Laissons la parole à Ernest Salmon (extrait de son ouvrage paru à la Société des océanistes en 1964 « Alexandre Salmon (1820-1866) et sa femme Ariitaimai (1821-1897)) : « Alexandre Salmon mourut le 6 août 1866, lors d’une épidémie de dysenterie. Agé de 46 ans seulement, Salmon fut enlevé à l’affection des siens. Pleuré par tous ceux qui avaient su apprécier sa noble et généreuse nature, hommages lui furent rendus publiquement, comme en témoignent les extraits suivants tirés du Messager de Tahiti du 11 août 1866, et de l’article de M. le pasteur Atger intitulé : « Une perte pour la mission française » paru dans le Journal des missions évangéliques de 1866.

On lisait dans le Messager : « ... La nouvelle d’une autre mort, prématurée aussi, se répandait en ville en y semant la surprise : c’était celle de M. Salmon, parent de la Reine, associé de la maison Brander, que ses solides qualités venaient tout récemment de faire choisir comme un des membres du Conseil d’administration. Dans les diverses fonctions qu’il a remplies, M. Salmon s’était concilié, par l’aménité de son caractère, de nombreuses sympathies.
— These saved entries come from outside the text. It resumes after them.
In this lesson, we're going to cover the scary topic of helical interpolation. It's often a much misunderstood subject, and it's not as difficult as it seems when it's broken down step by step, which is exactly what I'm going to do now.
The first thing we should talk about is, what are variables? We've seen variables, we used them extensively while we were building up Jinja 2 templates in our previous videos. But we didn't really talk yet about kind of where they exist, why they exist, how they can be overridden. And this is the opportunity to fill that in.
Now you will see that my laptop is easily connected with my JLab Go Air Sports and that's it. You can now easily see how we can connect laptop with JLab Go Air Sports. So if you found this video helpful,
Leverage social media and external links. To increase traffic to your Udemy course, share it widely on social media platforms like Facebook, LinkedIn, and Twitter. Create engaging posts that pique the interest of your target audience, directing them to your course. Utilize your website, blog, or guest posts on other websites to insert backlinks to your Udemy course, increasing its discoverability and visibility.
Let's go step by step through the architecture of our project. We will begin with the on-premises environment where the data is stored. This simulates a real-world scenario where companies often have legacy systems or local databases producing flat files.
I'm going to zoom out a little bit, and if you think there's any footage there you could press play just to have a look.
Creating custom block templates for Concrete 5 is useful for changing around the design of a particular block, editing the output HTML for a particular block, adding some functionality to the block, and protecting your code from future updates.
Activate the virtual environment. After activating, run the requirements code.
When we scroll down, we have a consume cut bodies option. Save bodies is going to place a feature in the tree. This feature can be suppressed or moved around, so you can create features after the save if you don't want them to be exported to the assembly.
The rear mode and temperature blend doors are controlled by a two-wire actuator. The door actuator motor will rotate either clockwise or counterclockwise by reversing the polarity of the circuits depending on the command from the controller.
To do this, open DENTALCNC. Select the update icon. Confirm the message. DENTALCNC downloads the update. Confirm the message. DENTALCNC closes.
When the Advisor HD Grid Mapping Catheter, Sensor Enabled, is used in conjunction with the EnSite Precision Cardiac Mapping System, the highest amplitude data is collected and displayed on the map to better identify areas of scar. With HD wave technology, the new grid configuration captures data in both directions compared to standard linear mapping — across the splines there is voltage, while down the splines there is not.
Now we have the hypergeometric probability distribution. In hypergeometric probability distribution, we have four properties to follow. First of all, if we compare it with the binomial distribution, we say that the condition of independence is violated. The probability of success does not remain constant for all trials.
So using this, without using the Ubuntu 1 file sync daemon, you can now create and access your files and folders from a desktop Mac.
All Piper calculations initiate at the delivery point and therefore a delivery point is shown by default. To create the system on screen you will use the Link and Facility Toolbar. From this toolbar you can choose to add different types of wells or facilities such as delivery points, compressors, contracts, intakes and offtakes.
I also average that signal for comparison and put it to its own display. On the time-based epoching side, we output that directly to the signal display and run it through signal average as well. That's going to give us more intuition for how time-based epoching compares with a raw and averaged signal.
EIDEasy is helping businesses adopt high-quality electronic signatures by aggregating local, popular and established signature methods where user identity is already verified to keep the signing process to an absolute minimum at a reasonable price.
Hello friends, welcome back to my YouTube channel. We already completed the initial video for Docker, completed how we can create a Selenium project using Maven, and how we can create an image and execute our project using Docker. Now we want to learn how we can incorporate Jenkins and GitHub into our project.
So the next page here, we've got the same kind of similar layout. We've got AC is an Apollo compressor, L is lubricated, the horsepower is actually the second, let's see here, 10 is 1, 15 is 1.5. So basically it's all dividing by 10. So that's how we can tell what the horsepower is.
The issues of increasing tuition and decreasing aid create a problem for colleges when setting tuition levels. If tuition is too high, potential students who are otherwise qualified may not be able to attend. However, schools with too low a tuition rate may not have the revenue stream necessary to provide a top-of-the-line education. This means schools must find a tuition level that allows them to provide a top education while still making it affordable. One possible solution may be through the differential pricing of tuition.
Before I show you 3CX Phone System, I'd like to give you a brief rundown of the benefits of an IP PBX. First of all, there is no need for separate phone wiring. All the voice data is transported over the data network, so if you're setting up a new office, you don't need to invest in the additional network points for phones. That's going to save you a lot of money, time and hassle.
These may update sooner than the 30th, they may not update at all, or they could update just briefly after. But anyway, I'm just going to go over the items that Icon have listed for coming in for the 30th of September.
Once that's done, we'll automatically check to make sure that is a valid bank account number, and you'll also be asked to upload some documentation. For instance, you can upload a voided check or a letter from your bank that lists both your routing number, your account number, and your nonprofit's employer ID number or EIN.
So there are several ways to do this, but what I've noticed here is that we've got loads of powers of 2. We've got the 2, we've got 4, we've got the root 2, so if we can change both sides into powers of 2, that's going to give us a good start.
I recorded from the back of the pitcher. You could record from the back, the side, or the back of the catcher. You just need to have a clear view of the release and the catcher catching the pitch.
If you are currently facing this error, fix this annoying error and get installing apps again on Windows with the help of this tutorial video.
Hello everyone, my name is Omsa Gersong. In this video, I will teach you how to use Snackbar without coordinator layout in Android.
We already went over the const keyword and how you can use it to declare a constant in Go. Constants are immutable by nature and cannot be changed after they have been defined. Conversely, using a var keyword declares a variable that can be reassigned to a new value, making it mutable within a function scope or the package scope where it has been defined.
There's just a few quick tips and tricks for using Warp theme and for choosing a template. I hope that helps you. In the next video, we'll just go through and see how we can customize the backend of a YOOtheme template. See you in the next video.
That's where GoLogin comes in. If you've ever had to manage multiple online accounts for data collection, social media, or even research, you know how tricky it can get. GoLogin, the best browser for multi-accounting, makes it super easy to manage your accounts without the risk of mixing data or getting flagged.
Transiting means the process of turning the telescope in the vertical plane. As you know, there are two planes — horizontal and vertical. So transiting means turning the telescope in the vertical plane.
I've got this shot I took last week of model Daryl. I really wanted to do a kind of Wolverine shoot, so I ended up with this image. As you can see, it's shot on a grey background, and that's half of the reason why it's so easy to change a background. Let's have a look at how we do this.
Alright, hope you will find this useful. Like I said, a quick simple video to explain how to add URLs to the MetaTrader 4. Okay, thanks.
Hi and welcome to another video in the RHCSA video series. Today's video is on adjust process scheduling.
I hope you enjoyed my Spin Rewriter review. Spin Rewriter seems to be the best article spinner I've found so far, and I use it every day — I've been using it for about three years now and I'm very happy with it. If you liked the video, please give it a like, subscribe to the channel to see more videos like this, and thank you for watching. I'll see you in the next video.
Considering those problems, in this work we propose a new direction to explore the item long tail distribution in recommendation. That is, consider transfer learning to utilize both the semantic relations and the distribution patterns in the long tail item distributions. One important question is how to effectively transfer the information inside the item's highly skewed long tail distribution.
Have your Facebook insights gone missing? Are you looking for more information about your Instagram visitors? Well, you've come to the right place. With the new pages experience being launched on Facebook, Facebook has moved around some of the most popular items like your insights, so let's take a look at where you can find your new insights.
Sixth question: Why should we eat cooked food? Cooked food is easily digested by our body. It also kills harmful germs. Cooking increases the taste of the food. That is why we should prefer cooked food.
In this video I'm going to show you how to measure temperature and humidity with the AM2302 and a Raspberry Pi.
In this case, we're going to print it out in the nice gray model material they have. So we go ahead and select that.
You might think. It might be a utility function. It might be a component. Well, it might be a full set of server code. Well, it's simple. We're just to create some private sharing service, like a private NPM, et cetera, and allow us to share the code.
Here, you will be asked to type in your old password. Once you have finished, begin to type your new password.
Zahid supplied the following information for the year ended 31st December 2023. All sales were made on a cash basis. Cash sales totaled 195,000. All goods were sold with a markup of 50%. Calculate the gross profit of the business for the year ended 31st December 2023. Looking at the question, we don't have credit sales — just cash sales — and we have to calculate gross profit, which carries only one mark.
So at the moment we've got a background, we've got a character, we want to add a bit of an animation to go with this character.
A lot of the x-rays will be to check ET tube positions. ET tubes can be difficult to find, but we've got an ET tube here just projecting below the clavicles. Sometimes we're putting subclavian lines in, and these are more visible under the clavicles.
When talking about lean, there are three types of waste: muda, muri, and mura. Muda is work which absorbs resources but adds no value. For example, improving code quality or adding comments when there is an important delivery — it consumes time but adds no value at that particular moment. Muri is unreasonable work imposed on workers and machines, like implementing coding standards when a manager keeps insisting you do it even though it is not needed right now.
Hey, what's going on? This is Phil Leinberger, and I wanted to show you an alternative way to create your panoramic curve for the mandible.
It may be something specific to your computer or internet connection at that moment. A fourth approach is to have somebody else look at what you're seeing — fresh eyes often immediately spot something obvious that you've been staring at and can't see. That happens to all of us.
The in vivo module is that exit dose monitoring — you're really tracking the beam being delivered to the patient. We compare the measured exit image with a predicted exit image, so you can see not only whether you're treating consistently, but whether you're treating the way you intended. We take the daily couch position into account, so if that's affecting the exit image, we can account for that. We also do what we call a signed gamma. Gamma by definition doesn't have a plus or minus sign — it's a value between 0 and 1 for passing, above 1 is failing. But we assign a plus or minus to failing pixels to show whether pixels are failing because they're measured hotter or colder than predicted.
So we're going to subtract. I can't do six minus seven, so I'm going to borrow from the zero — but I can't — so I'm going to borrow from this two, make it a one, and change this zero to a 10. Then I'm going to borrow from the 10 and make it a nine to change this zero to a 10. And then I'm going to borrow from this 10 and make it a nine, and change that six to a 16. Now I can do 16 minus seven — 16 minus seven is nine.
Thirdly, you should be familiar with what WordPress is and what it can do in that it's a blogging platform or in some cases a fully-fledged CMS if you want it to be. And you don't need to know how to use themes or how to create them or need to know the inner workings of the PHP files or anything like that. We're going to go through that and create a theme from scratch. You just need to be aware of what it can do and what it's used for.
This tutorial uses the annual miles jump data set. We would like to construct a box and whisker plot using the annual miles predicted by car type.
Aussi peut-on dire que la population tout entière, précédée du chef de la colonie, accompagnait mardi dernier ses restes mortels, prouvant ainsi quels regrets sincères le décédé laissait après lui. »

Daniel Pardon

Mariage et descendance

De son mariage avec la princesse Ari'ioehau Hinari'i Tepau a Tati sont nés :
•Titaua Tetuanuireiaitea Salmon (3 novembre 1842 - 12 mars 1905)
•Ernest Tepauari'i'iahurai Salmon (décembre 1843 - avril 1844)
•Ari'ino'ore Moetia Salmon (3 mars 1848 - 18 avril 1935)
•Tati Ari'i Teuraitera'i Salmon (1852 - 5 décembre 1918)
•Ari'ipaea Alexander Vehiaitipare Salmon (4 août 1855 - 28 mars 1914)
•Jean Nari'ivaihoa Tepau Marama Salmon (24 octobre 1856 - 6 février 1906)
•S.M. la Reine Johanna Marauta'aroa Tepa'u Salmon (24 avril 1860 - 2 février 1934)
•Loïs Tefa'atau Vahine Manihinihi Piri Salmon (23 mars 1863 - mai 1894)
•Alexandrina Salmon (1 octobre 1866 - 2 avril 1919)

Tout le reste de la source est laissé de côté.